Emerging Technologies Program Challenges Lighting Manufacturers to Develop Quality Products

Ensuring that energy-saving products deliver consistent performance is the best way to keep buyers coming back for more. To this end, Pacific Gas and Electric Company (PG&E) is currently working with the California Lighting Technology Center (CLTC) at U.C. Davis on standards for two high-potential lighting technologies.

LEDs

Replacing the fluorescents that light frozen food and refrigerated cases in supermarkets with light emitting diodes (LEDs) can cut energy consumption by nearly half. However, testing showed that different LED products did not provide equal function or longevity, and no current manufacturing standards to correct this problem currently exist. The Department of Energy has released an Energy Star specification for LEDs, but it does not cover LEDs used in refrigerated cases, and test protocols to measure the performance of LEDs are months from release. To provide a faster solution, PG&E worked with the CLTC to establish qualifying standards for LED refrigerated case lighting that will ensure the LEDs perform effectively long-term. These energy saving and quality standards are now part of PG&E’s Efficient Refrigerated Case Lighting Options Program. Manufacturers that comply with these standards are eligible for incentives. Further, PG&E will be sharing these standards with other utilities and organizations such as Energy Star to promote widespread adoption.

CFLs

Inexpensive and unobtrusive, recessed downlights are one of the most popular choices for residential lighting. Lighting manufacturers have started producing residential compact fluorescent lamp (CFL) downlight systems as efficient replacements for the widely used incandescent systems. Testing at the CLTC revealed that heat build-up in CFLs reduces light output and lamp and component life. Based on these results, PG&E recommended implementing codes, standards, and utility incentives that would encourage CFL manufacturers to redesign their products to avoid heat build-up and premature failure.
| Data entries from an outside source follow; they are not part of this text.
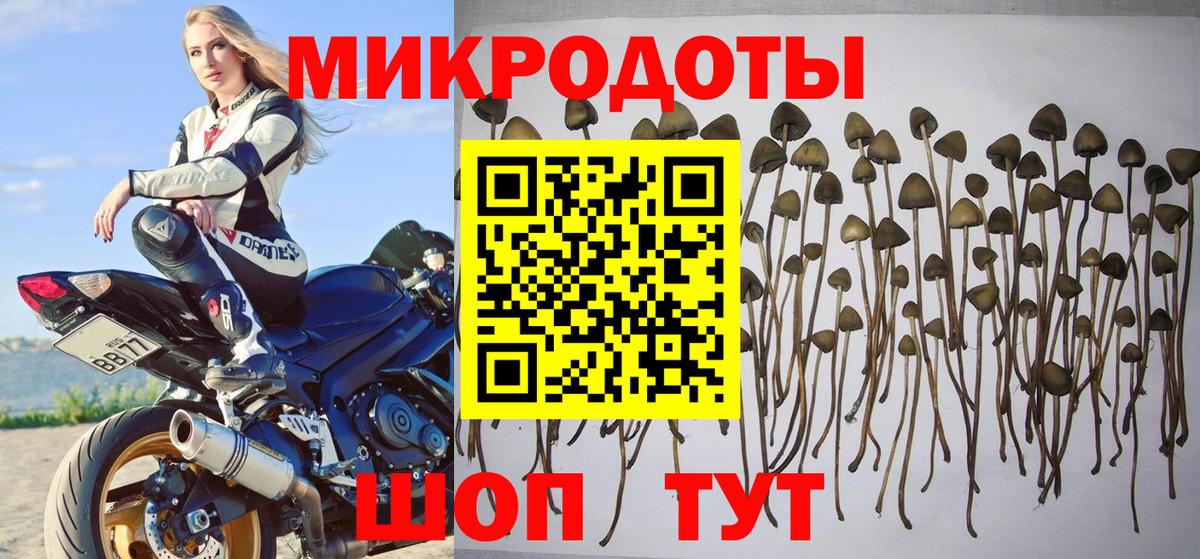 Галлюциногенные грибы мицелий Невинномысск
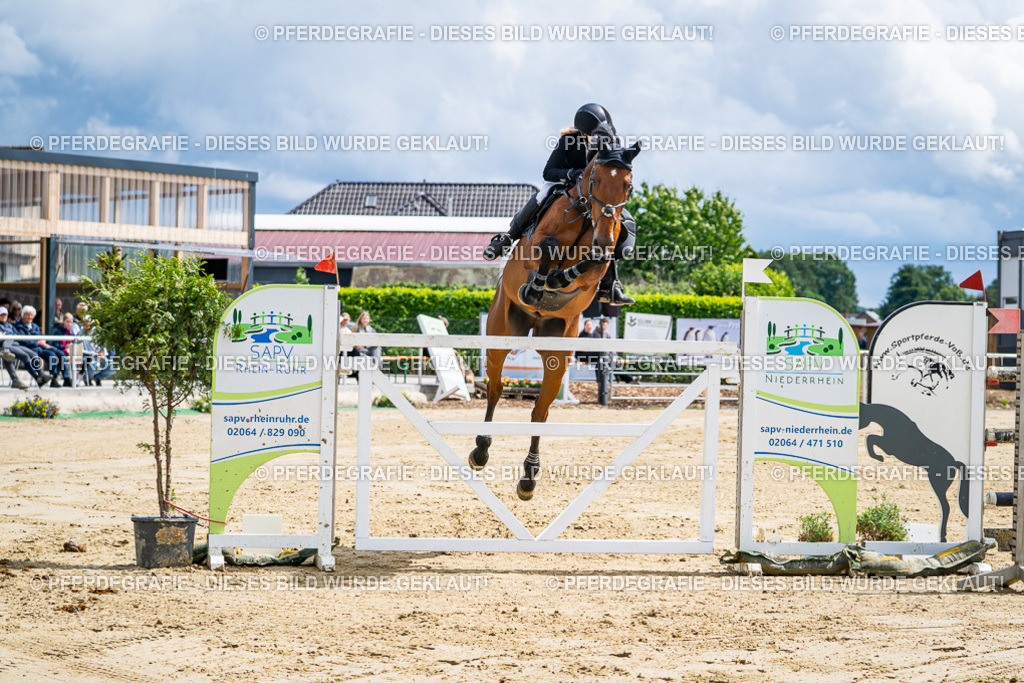 DSC05561 | Pferdegrafie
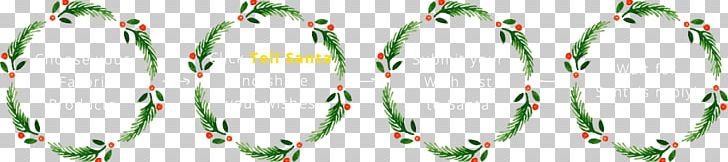 Grasses Leaf Plant Stem Holly Font PNG, Clipart, Activity Promotion, Flowering Plant, Grass, Grasses, Grass Family Free PNG Download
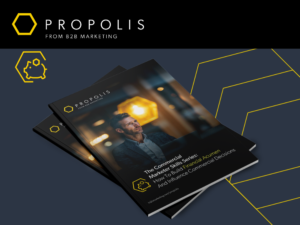 Propolis Financial Acumen Report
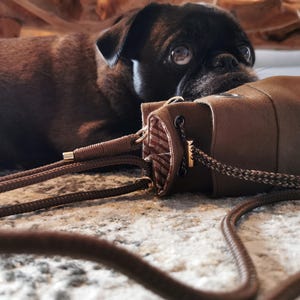 Puede incluir: Una bolsa de lona marr&oacute;n con una correa a juego y herrajes dorados. Un perro pug negro est&aacute; acostado junto a la bolsa, mirando a la c&aacute;mara. La bolsa tiene un interior a rayas.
As a result of these evaluations, there are ongoing discussions at the California Energy Commission, in close collaboration with National Electrical Manufacturers Association, regarding modifications to Title 24* that will address performance improvements.

*Title 24 is part of the California Code of Regulations for Energy Efficiency Standards for Residential and Nonresidential Buildings, which went into effect October 2005.